* WORK ITEM
Copy, word for word, the lines of the listing below from the line with "bernabeu-shock-celta-stuns-real-madrid-1-1765193343" up to and including the line with "MANDO MULTIFUNCION 8V0925301 8V0925301CM". Drop the pictures.

* PROVIDED DATA
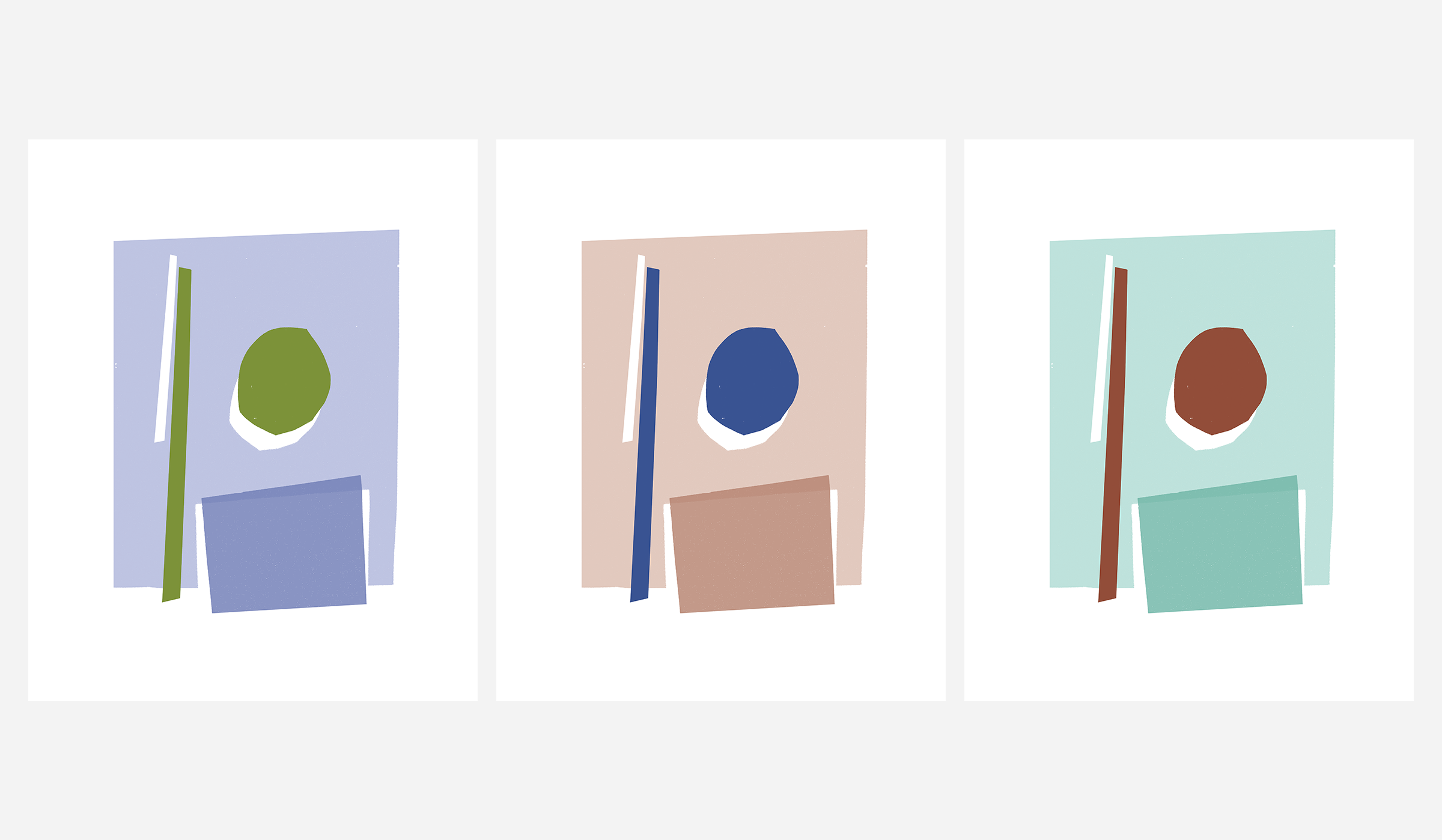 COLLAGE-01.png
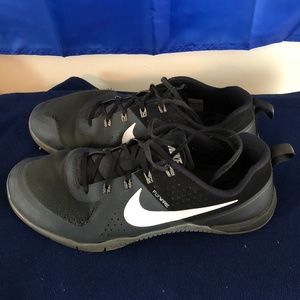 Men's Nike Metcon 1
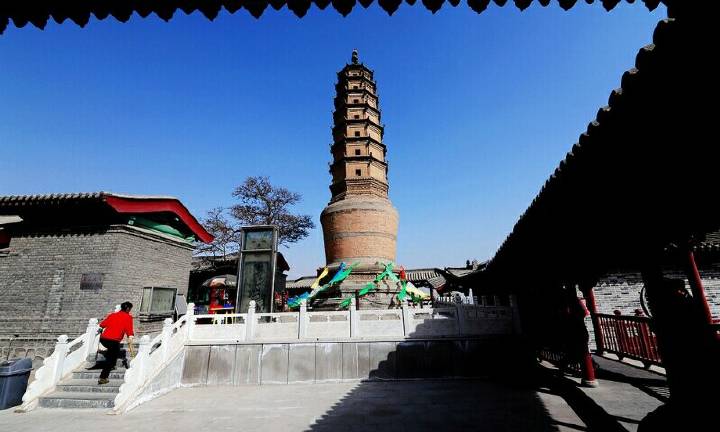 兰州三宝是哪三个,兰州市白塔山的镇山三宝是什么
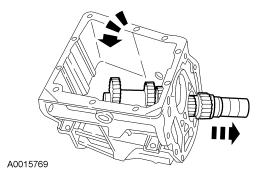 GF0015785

...

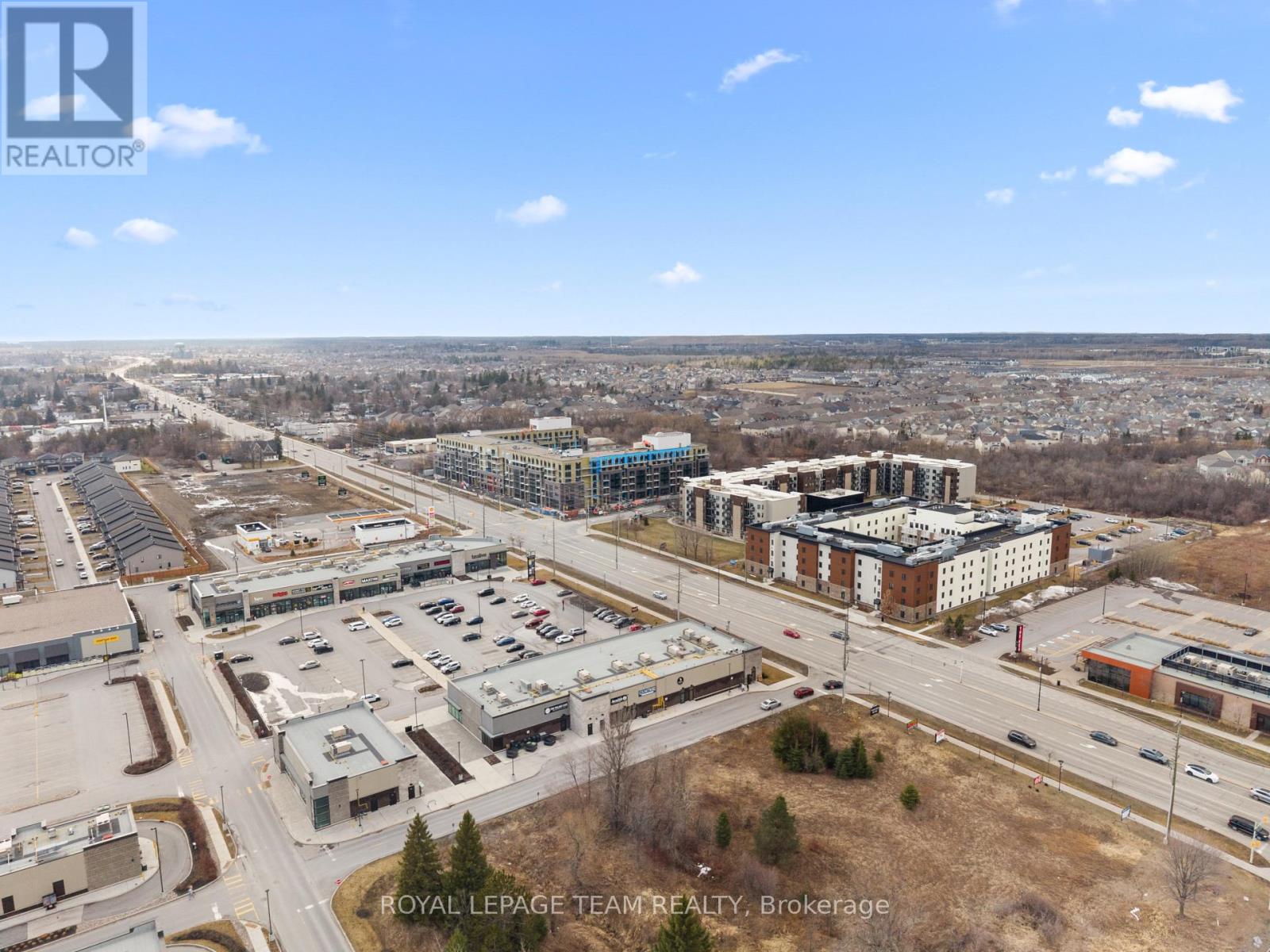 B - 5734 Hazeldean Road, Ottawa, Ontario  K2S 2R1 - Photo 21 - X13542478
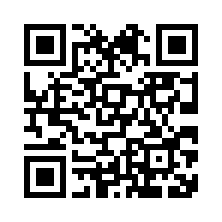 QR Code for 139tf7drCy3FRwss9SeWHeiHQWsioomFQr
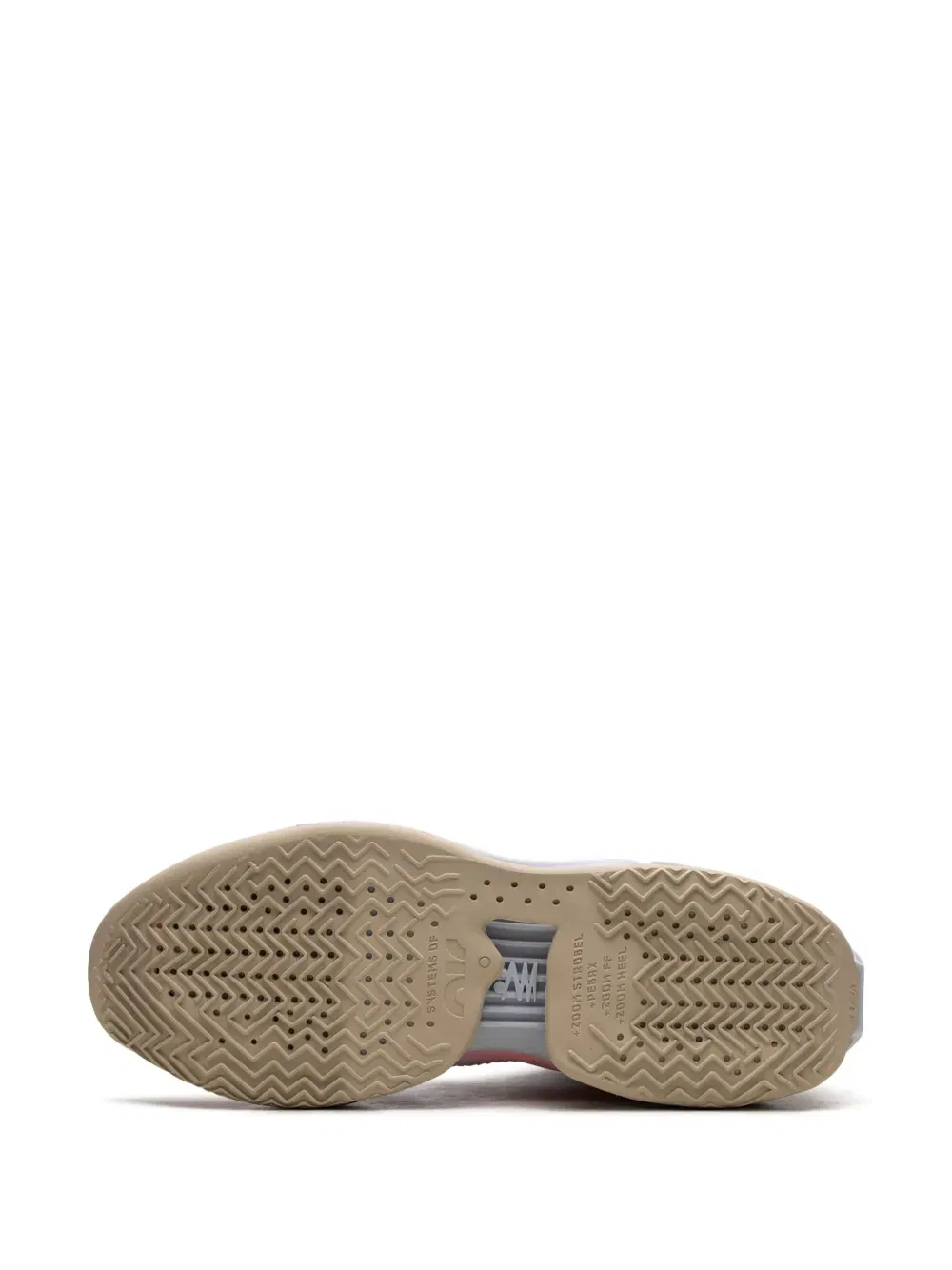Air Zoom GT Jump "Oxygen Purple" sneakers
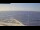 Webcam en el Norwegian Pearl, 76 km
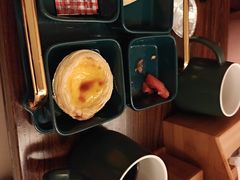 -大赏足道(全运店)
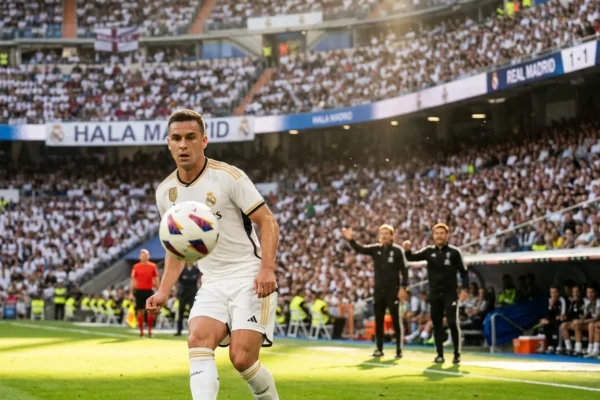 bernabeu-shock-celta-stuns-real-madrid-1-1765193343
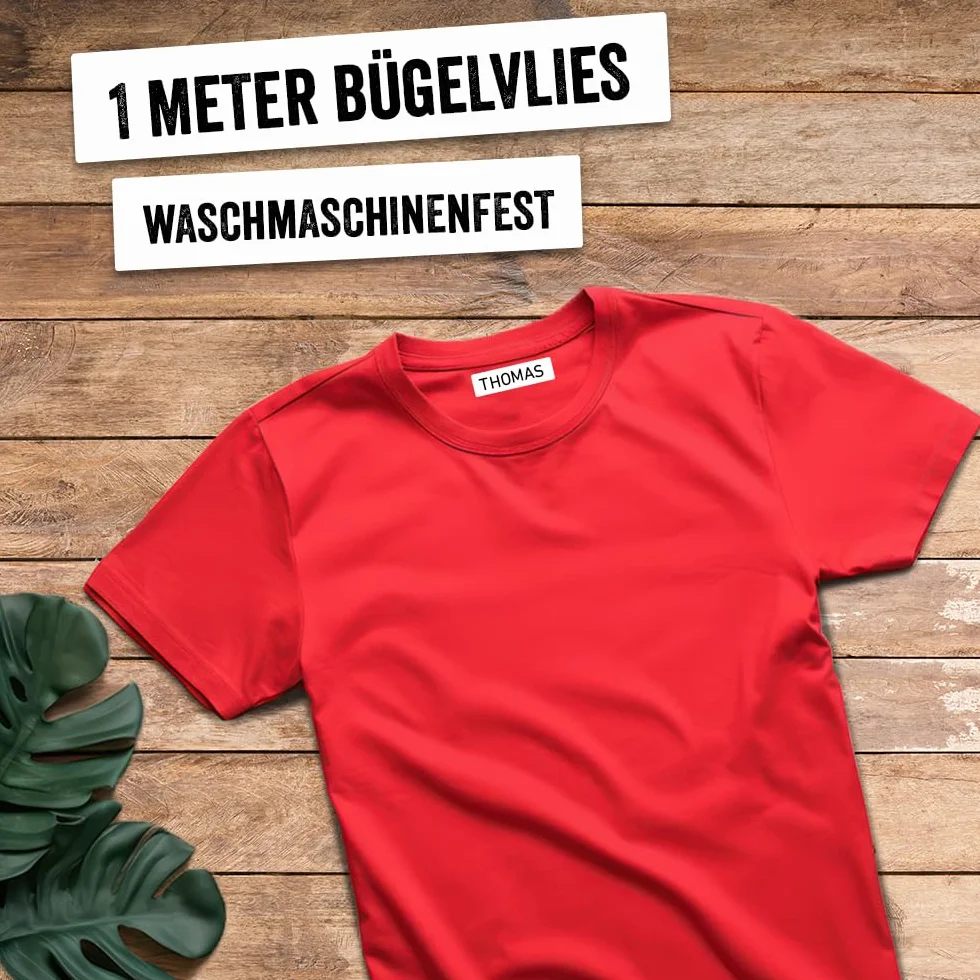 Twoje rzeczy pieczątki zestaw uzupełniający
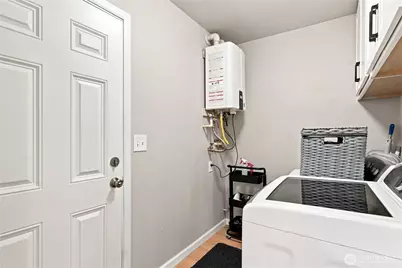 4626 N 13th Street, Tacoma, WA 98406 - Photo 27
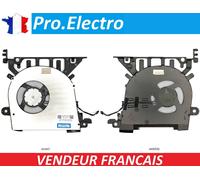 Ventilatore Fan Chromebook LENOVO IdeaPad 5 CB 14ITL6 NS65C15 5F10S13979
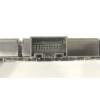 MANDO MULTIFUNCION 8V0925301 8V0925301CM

* THE ANSWER
 bernabeu-shock-celta-stuns-real-madrid-1-1765193343
 Twoje rzeczy pieczątki zestaw uzupełniający
 4626 N 13th Street, Tacoma, WA 98406 - Photo 27
 Ventilatore Fan Chromebook LENOVO IdeaPad 5 CB 14ITL6 NS65C15 5F10S13979
 MANDO MULTIFUNCION 8V0925301 8V0925301CM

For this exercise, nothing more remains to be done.